Una empresa de condimentos sin azúcares añadidos presentó una solicitud de protección por bancarrota bajo el capítulo 11.
La firma señaló que la medida responde a una batalla legal con su socio distribuidor PIM Brands, motivo que impulsó la decisión.
Aunque mantenía colocación en grandes cadenas minoristas y crecimiento en ventas, acumuló pasivos que van de US$ 1 a 10 millones y activos estimados entre US$ 500.000 y US$1.000.000.
A pesar del impase legal, la empresa afirma que sus productos continúan a la venta en determinados supermercados y que espera reestructurarse para volver a una posición más sólida en el mercado.
La empresa norteamericana True Made Foods (Alexandria, Virginia), que se dio a conocer por sus salsas, ketchup y condimentos elaborados sin azúcares refinados, ha presentado una solicitud voluntaria bajo el capítulo 11 de la ley de bancarrota estadounidense.
Según los documentos presentados, y revelados por Money Digest, la compañía reportó activos estimados entre US$ 500 000 y 1 millón, y pasivos que oscilan entre US$ 1 y 10 millones. El origen del problema radica -según la propia empresa- en una demanda presentada por PIM Brands, un fabricante mayorista de productos alimenticios, lo que llevó a True Made Foods a emplear la vía de bancarrota para frenar legalmente la disputa.
True Made Foods fue fundada en 2015 por el ex piloto naval Abraham Kamarck junto a los barbacueros Ed y Ryan Mitchell. Su propuesta se basó en reimaginar los condimentos tradicionales —ketchup, mostaza, salsas BBQ y picantes— sustituyendo el azúcar o jarabe de maíz por fruta o verdura para dar sabor.
En su mejor momento, la empresa había logrado presencia en más de 5.000 puntos de venta y levantado aproximadamente US$ 6,9 millones en financiación. Sin embargo, con el impacto de la pandemia de COVID-19 y la pérdida de espacios de exhibición en grandes cadenas como Kroger y Safeway, el crecimiento se frenó y las dificultades comenzaron a acumularse.

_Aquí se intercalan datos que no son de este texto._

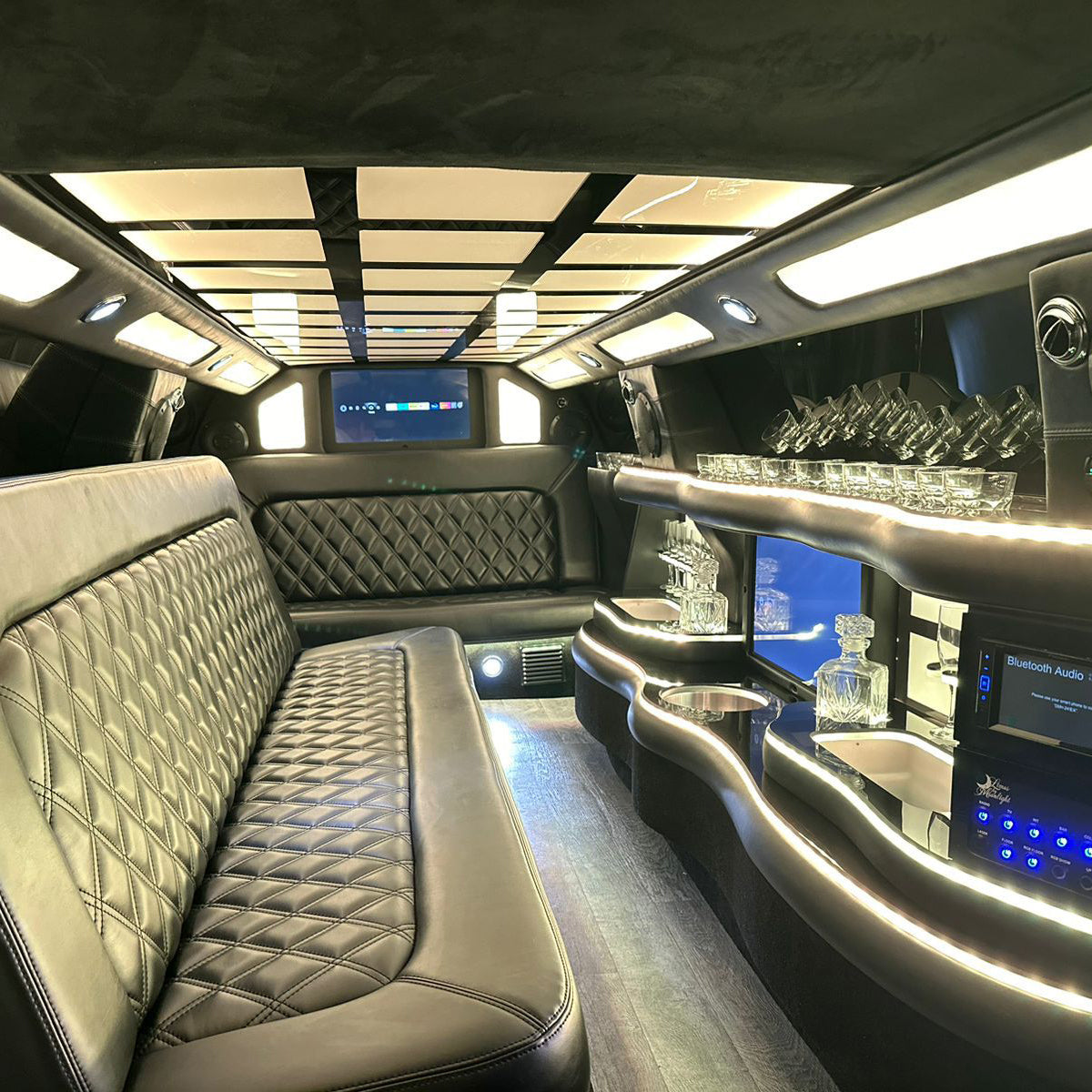 Super Chrysler Limousine Ride Dubai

De acuerdo una nota de Geekspin, la reubicación de productos, el endurecimiento de la competencia en el segmento de alimentos “más sanos” y la crisis logística fueron factores que erosionaron parte de su rendimiento. Según la empresa, aun cuando las ventas seguían creciendo en ciertos canales, la demanda de recursos para litigar contra PIM Brands se volvió insostenible.

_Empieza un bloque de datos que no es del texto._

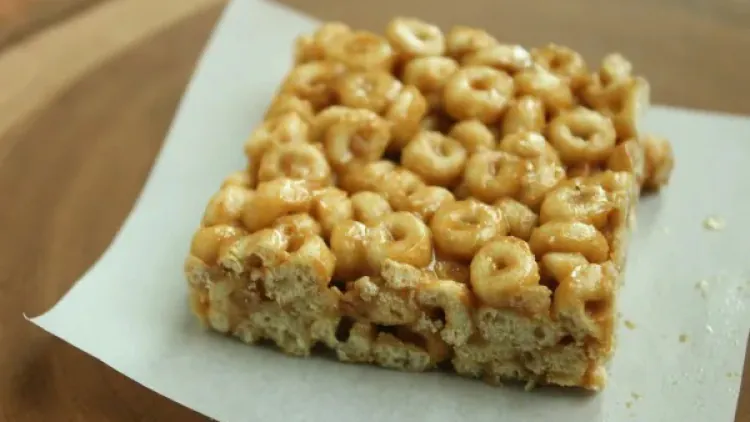 3 Ingredient Peanut Butter & Honey Cereal Bars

En qué consiste el Capítulo 11 en EE.UU. y por qué las empresas lo usan
El capítulo 11 permite que la empresa continúe operando bajo supervisión judicial mientras renegocia deudas y busca nuevas vías de financiamiento. En el comunicado, el CEO Kamarck declaró: “Esperamos salir del otro extremo más fuertes”.
Entre los retos inmediatos emergen la negociación con acreedores, la reestructuración del modelo de distribución, la recuperación de espacios en estanterías y la redefinición de su proposición de valor frente a los grandes competidores.
Para sus clientes y consumidores habituales, los productos de True Made Foods aún están disponibles en ciertas cadenas como Whole Foods Market, Sprouts Farmers Market, The Fresh Market y algunos comercios online.
No obstante, la situación plantea incertidumbre sobre la continuidad de la marca, la disponibilidad futura de sus líneas de productos y la protección de los derechos de sus empleados, distribuidores y socios comerciales.
Desde el punto de vista del mercado de alimentos, este caso ilustra varios aspectos: el desafío de escalar una marca “alternativa” en un entorno dominado por grandes corporaciones; la vulnerabilidad que sufren los negocios de mediano tamaño frente a cambios en el canal minorista; y el impacto de litigios que pueden erosionar una empresa aun cuando su producto goce de aceptación.